You can read the entire article here, but this is the relevant extract:
The really interesting trend over the longer term however, has instead been the decline in support for Sinn Fein. Perhaps another sign of the move away from the protest vote at polling in the mid-term, back towards the more established parties.
The fall in 1st preference support for the party in this poll, is relatively small at 2% and well within the margin of error, so could effectively be discounted. The longer term trend in support however tells another story.
Back in December we were recording the highest levels of support seen for Sinn Fein in any RED C poll, reaching a high of 24% of the first preference vote. In today’s poll they secured just 16%, the worst level seen for the party since February 2014. That means that in effect the party has lost 8% support over the first 9 months of the year.
Over that period the loss in support hasn’t been a steady decline, with drops in January and March following scandals that were soon reversed to some extent in the months afterwards. The problem is that the gains haven’t been as strong as the losses, and so one scandal after another has seen a gradual seepage of voters away from the party at almost 1% a month for the past nine months.
The greatest declines are seen among younger voters, who of course are somewhat more flighty in their vote intention behaviour. In December last year almost a third of 18-34 year old voters claimed they were supporting Sinn Fein, but this has fallen to just over 1 in 5 (20%) voters now. A large chunk of these young voters have returned to Labour, while others claim they will vote for a variety of smaller parties.

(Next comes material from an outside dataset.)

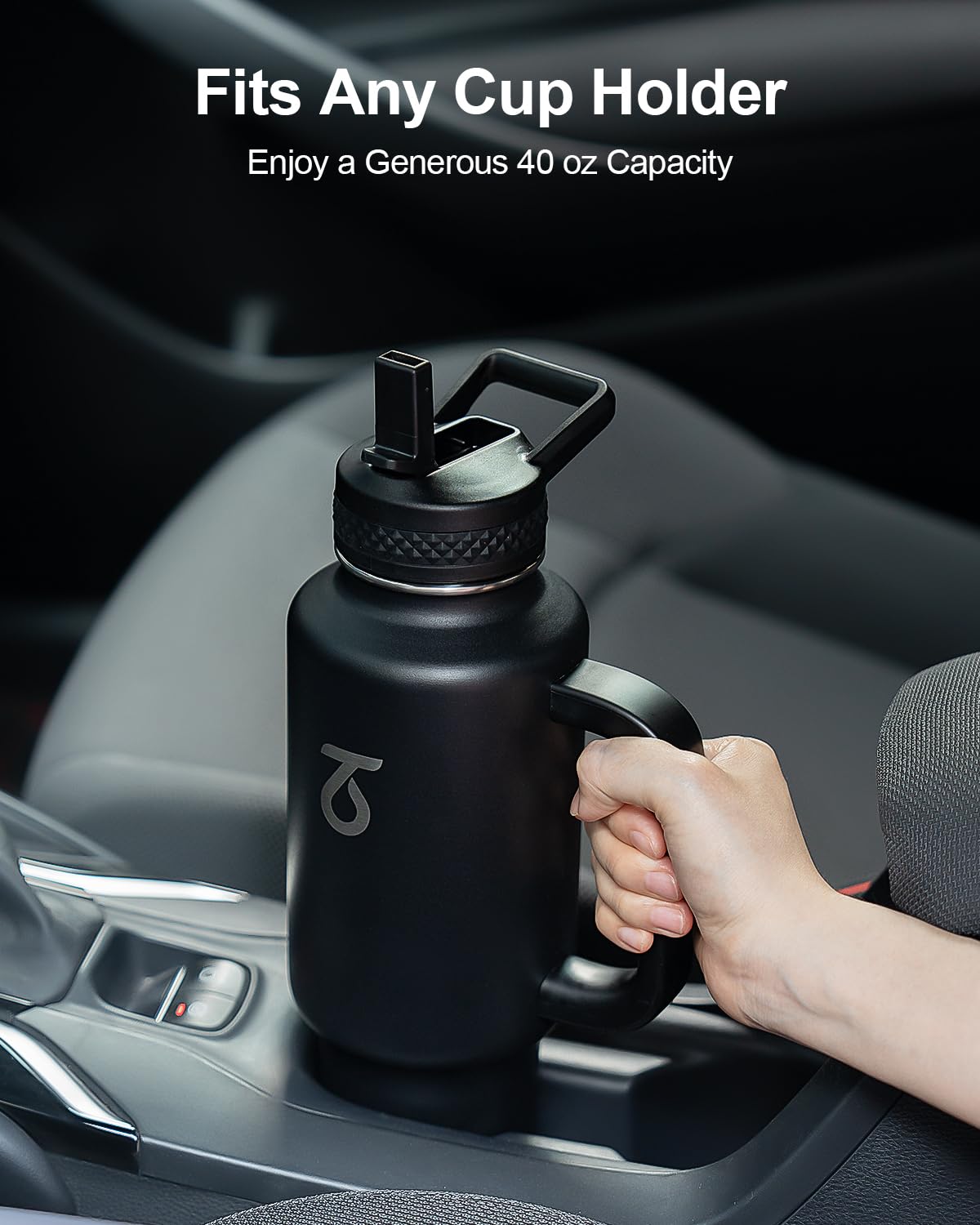 Trebo 40 oz Water Bottle Insulated Fit Car Cup Holder with Handle, Stainless Steel Water Bottles Tumbler with Spout Straw Lids, Double Wall Travel Reusable Flask, Leakproof Mug,Keep Cold &Hot,Black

The Labour shift is interesting, as it is also apparent that far less past Labour voters in general suggest they will now vote Sinn Fein, and offers the possibility that Labour could profit even more in the longer term from a further Sinn Fein decline in support.
For Sinn Fein the issues in the North in recent weeks appear to have done them no favours with voters, with declines in support occurring despite another high profile Anti-Water tax March in the past week, at which party figures were prominent. The gains they have made during the mid-term have been built on their support for the disenfranchised voters who feel let down by the government. In order to re-gain lost ground, they therefore need to move to settle matters in the North quickly, and so re-focus voters’ attention on the local issues they are fighting for on their behalf.
The question then is if this re-focus will be enough to regain voters, with the backdrop of an increasingly positive economic outlook, and an electorate who broadly believe that the country is currently on the right track.